City workers scrambled to repair the break while the people of Montreal had to receive water through water carts or from properties fortunate enough to have access to Cartesian wells. In one instance, Ogilvy’s department store, with a 1,200 foot deep artesian well in its basement, was able to provide water for people in the area. Meanwhile, large factories such as the Angus Shops had to be temporarily closed, while streets were patrolled day and night to react quickly to the first sign of fire.
The conduit was eventually repaired four days after its collapse using sections of boiler plate riveted together to form a steel pipe. Wasting no time, the city decided to let water through the length of the conduit as soon as the concrete surrounding the pipe had finished setting.
The joints held, and close to a century later the steel pipe can still be found. It’s a great deal rustier, but despite this, it’s holding up well.
While the conduit repair was successful, the city’s confidence in its water supply was severely shaken. An investigative report submitted to the city’s Board of Commissioners blamed the collapse on both the materials used during construction of the conduit as well as the excavation that had been taking place at the time.
More importantly, the report made several recommendations that would help prevent another such calamity from occurring. Based on the report, an emergency supply pipe running from the Lachine Canal to the pumping engines was soon added as a temporary solution. Ensuring a more reliable back-up supply system wouldn’t come until later.
Yesterday and Today.
It’s not clear at this point when the city stopped using the conduit for its drinking water supply. It likely became obsolete by the time the filtration plant was put into operation during the 1920s. Impure water running the length of the open aqueduct was less of an issue after that. Repositioning of the system’s intake pipes probably also ensured a cleaner supply as well. Also unclear is when (and why) the City officially abandoned its plans to use the aqueduct for purposes of power generation.

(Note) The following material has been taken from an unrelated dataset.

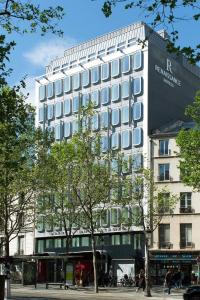 Renaissance Paris Republique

Today the conduit is still in use, both as a sewer for LaSalle and as an overflow tunnel for the Charles Des Baillets water purification plant which was built during the 1970s. The aforementioned relatively clean water and levels of sand (fare probably attributable to the plant’s filtering system. A walled off section prevents water from the River from entering the conduit directly. Before this, a section of the conduit has been replaced with a junction chamber with one pipe leading towards the discharge tunnel of the plant.
Given that there is currently only one known feasible entry point into the conduit, walking its entire length (and back again) would be a formidable task involving a 16 km round trip. To this date, I’ve walked roughly half its length, but I’m going to have to find other ways in if I’m to see the remaining portions.